Non-Standard Axioms for Various Math Structures 8

In this post, we continue the discussion from the previous in the series.

After learning more about the free object, I suspect that we can construct models at least for algebraic theories (where there are only operations in the signature) that satisfy a given desired set of sentences. If this is the case, then this can provide immediate answers to our main questions of logical generation theory.

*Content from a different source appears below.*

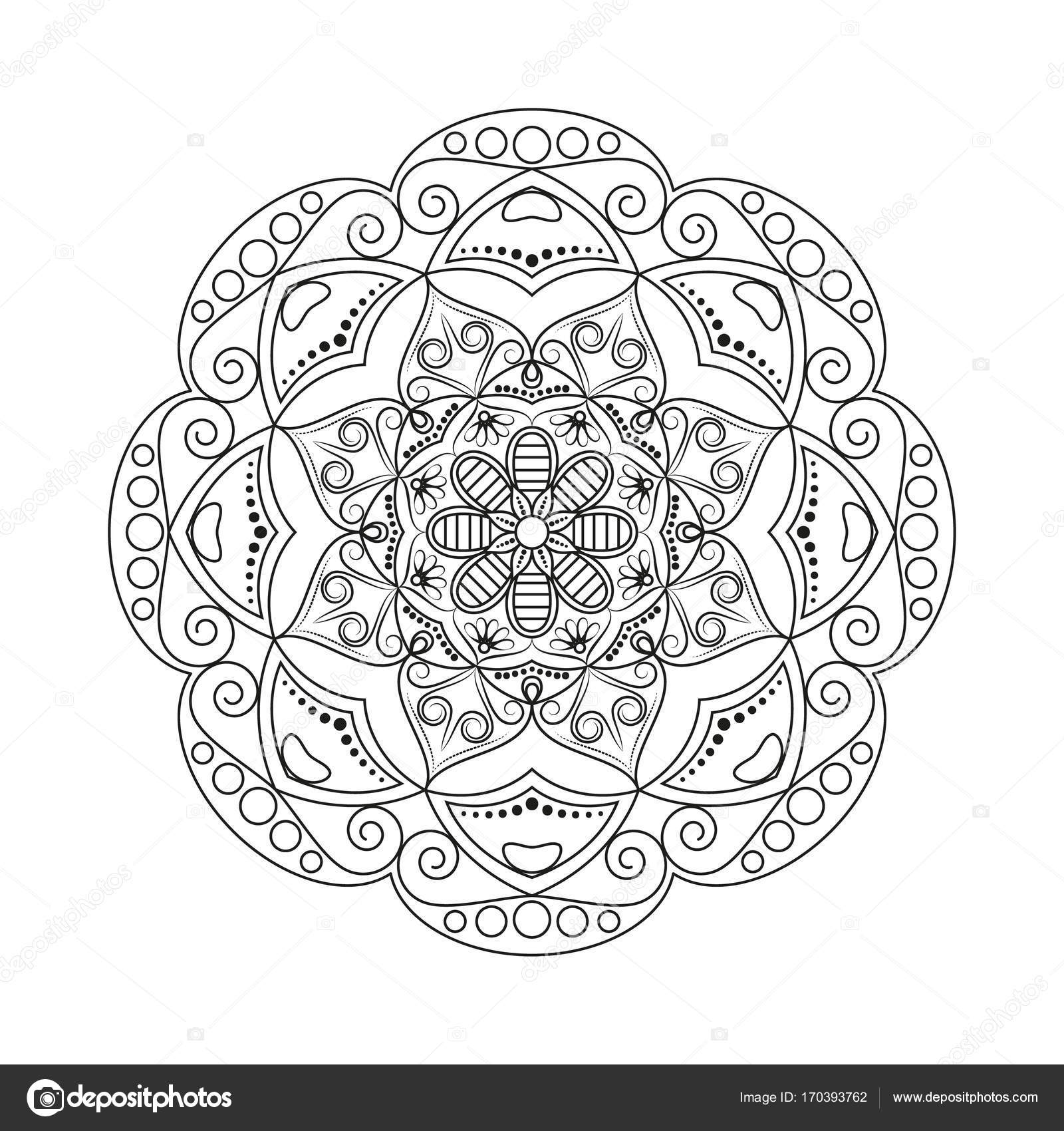Mandala aux fleurs. Éléments décoratifs vintage. Modèle ...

Specifically, I conjecture:

For any equational theory, there exists a singleton generating set, which we can construct as a free object.
For any first-order theory, if not all models of the theory are elementarily equivalent to each other (in which case any model forms a singleton generating set), then there is a two-element generating set, comprised of two models where both satisfy all the sentences in the theory, but for sentences not in the theory (or not implied by the theory) the models satisfy opposite sentences (for every sentence $s$ not implied by the theory, one of the models satisfies $s$ and the other satisfies $\neg s$ .)

On second thought, part 2 seems harder to prove, given that the free object (at least, the free object construction I’ve learned just for algebras) won’t apply to general first-order theories.

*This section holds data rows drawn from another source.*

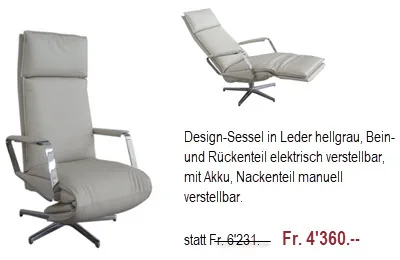 Hellgrauer Design-Sessel in Leder mit Akku
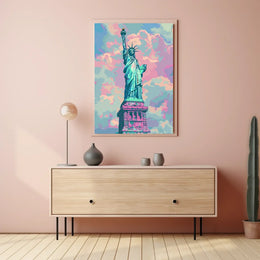 The poster features an artistic depiction of the Statue of Liberty, a symbol Travel Poster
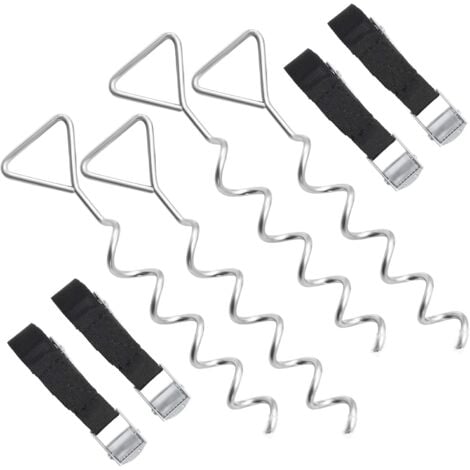 Set d'ancrage pour Trampoline, Lot de 4, Ancrage au Sol, Piquets d'ancrage Spiralés, 4 Sardines et 4 Sangles, Chevilles, Accessoire de Fixation pour Balançoire, Argent et Noir SGN15INV1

Note for first-order logic that, if there is a first-order theory $T$ and a sentence $s$ not implied by $T$ such that $T \cup \left\{ s \right\}$ implies some sentence $t$ , then $T \cup \left\{ \neg s \right\}$ can’t also imply $t$ , since then $t$ would be an implication of $T$ regardless of the satisfaction of $s$ . It may be possible though (as far as my logic so far shows) that $T \cup \left\{ \neg s \right\}$ doesn’t imply $\neg t$ , so that $t$ is independent of $T \cup \left\{ \neg s \right\}$ but a consequence of $T \cup \left\{ s \right\}$ .

Regardless, let’s start by attempting to prove part 1. First, any equational theory must correspond to an algebra (only operations in the signature.) Thus, we can certainly construct free objects for the theory. To avoid cases like where the free object over a singleton basis may satisfy additional equations (for example, the free group over $\left\{ a \right\}$ is an abelian group), we’ll pick an infinite starting basis; assuming all operations are finitary, and furthermore that every expression is built of a finite number of applications of operations (which we’ll restrict to here), an infinite starting basis should hopefully be enough to rule out these additional equations.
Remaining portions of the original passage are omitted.